Short text fragments from websites:
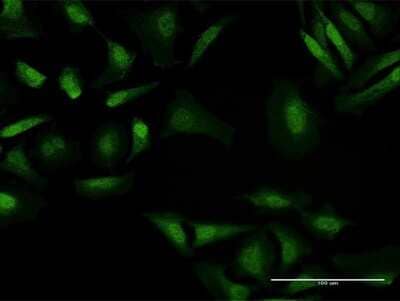 Immunocytochemistry/ Immunofluorescence: BAHD1 Antibody [H00022893-B01P]
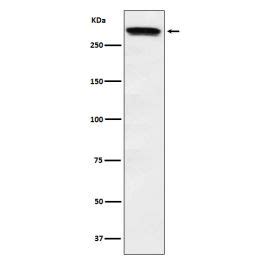 Anti Huntingtin Monoclonal Antibody IF Validated Bosterbio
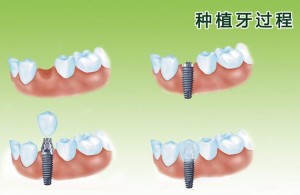 想种牙？往这里看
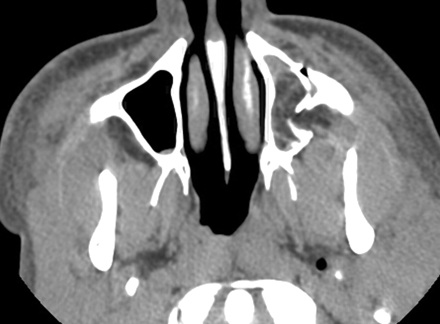 Fig 1.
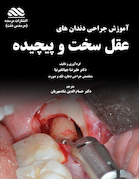 آموزش جراحی دندان های عقل سخت و پیچیده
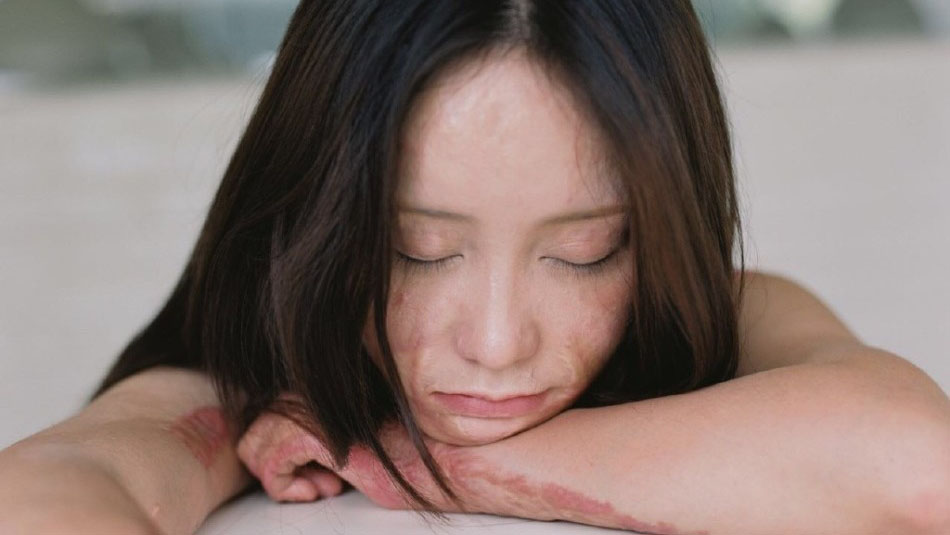 少女曾遭毁容伤痕写真曝光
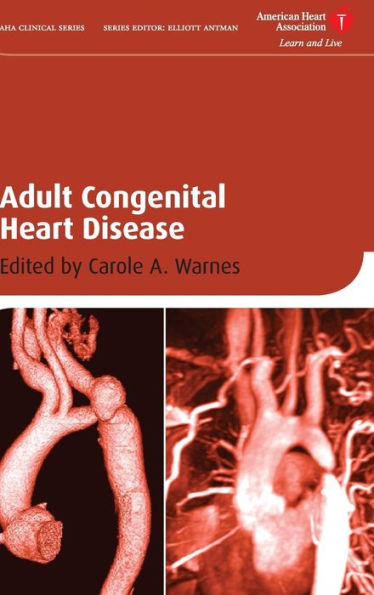 Adult Congenital Heart Disease / Edition 1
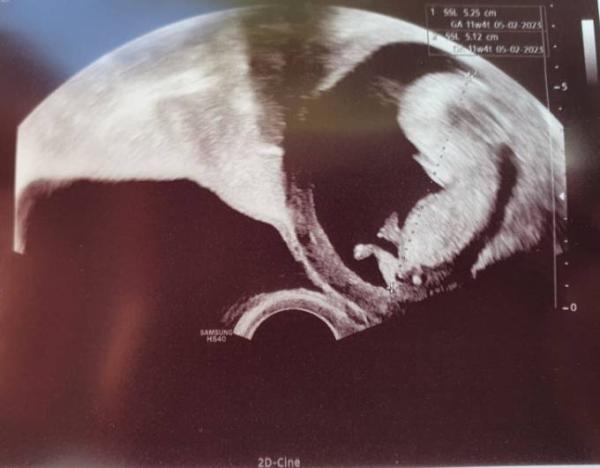 Bild zu Alles gut! 2. Ultraschall - Forum für Februar - Mamis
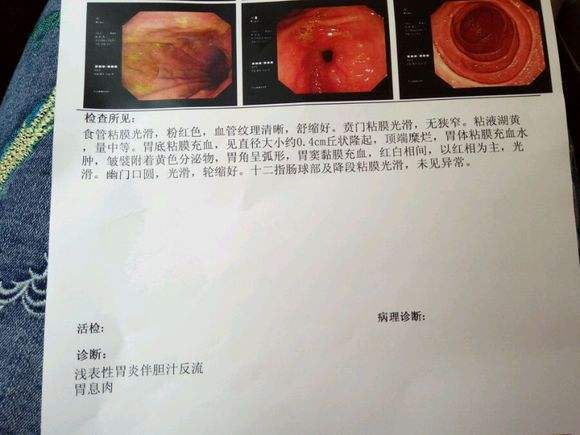 急性肠胃炎症状病情图片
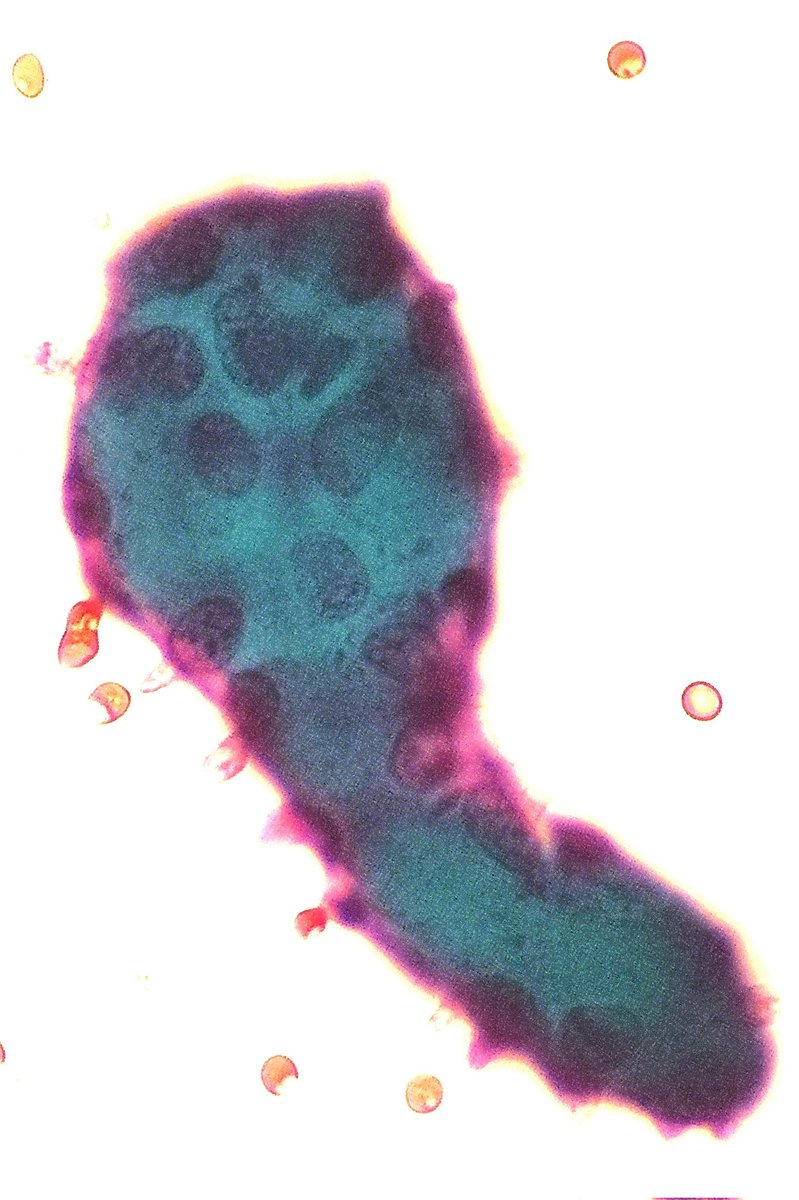 ✨COLLAGEN BALLS ✨

it is not uncommon to see them in #cytology samples from peritoneal washings, together with large sheets of benign mesothelial cells, perhaps a little angry..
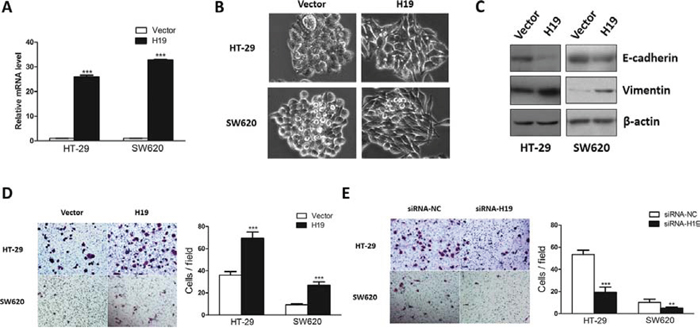 Ectopic expression of H19 promoted epithelial to mesenchymal transition.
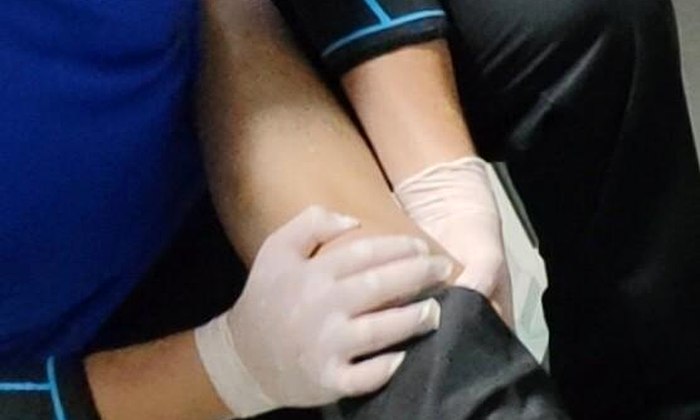 Knee treatment at SIFU TIT TAR Singapore
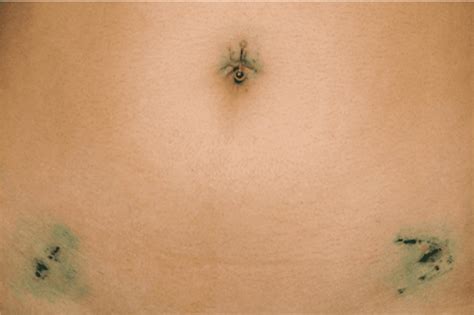 Stomach Pictures After Myomectomy Surgery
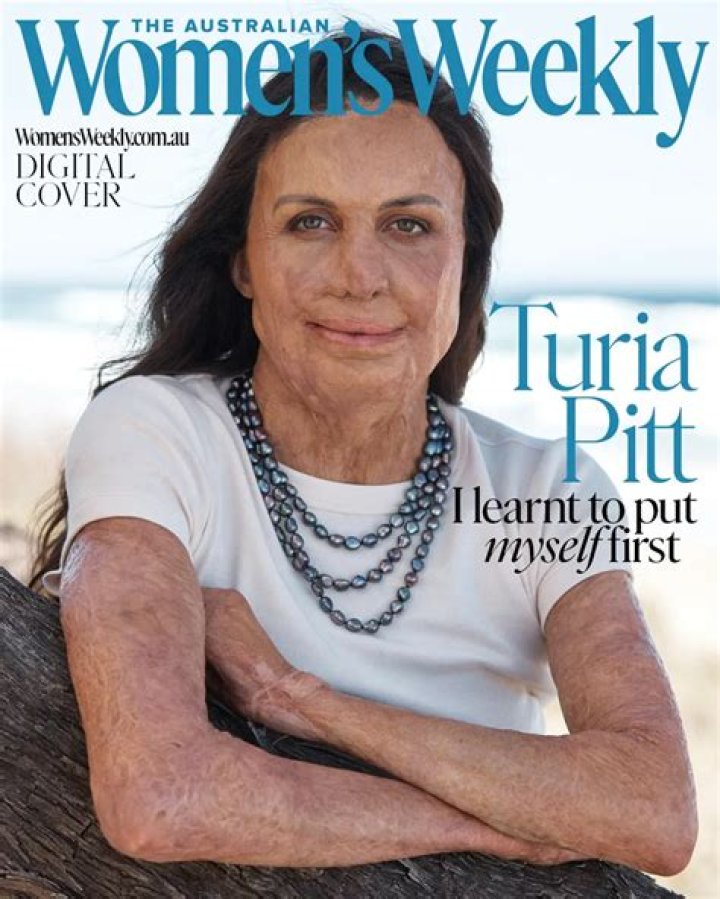 
Turia Pitt Height, Weight, Net Worth, Age, Birthday, Wikipedia, Who, Nationality, Biography 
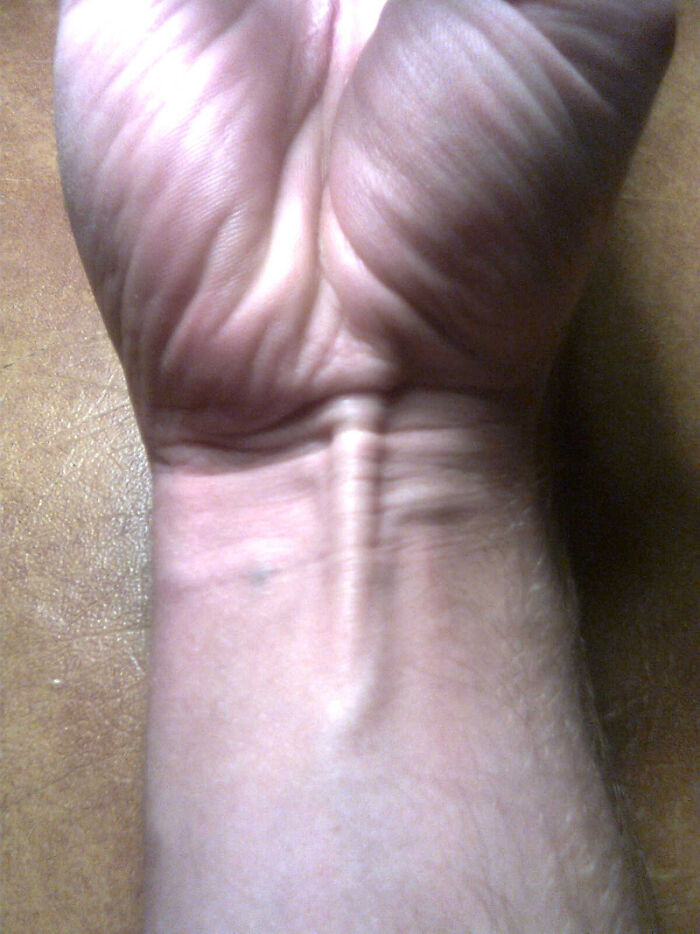 There is a muscle, called palmaris longus, in the forearm missing in about 10% of the population. You can easy test if you have it by putting your pinky and thumb together, while holding your palm facing up, and flex the hand upwards. If 1 tendon is standing out more than the others that's palmaris longus.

- What is expected -
Before you finish, make sure every line above has been repeated exactly and no picture remains in the copy.

- Solution for this exercise -
 Immunocytochemistry/ Immunofluorescence: BAHD1 Antibody [H00022893-B01P]
 Anti Huntingtin Monoclonal Antibody IF Validated Bosterbio
 想种牙？往这里看
 Fig 1.
 آموزش جراحی دندان های عقل سخت و پیچیده
 少女曾遭毁容伤痕写真曝光
 Adult Congenital Heart Disease / Edition 1
 Bild zu Alles gut! 2. Ultraschall - Forum für Februar - Mamis
 急性肠胃炎症状病情图片
 ✨COLLAGEN BALLS ✨

it is not uncommon to see them in #cytology samples from peritoneal washings, together with large sheets of benign mesothelial cells, perhaps a little angry..
 Ectopic expression of H19 promoted epithelial to mesenchymal transition.
 Knee treatment at SIFU TIT TAR Singapore
 Stomach Pictures After Myomectomy Surgery
Turia Pitt Height, Weight, Net Worth, Age, Birthday, Wikipedia, Who, Nationality, Biography 
 There is a muscle, called palmaris longus, in the forearm missing in about 10% of the population. You can easy test if you have it by putting your pinky and thumb together, while holding your palm facing up, and flex the hand upwards. If 1 tendon is standing out more than the others that's palmaris longus.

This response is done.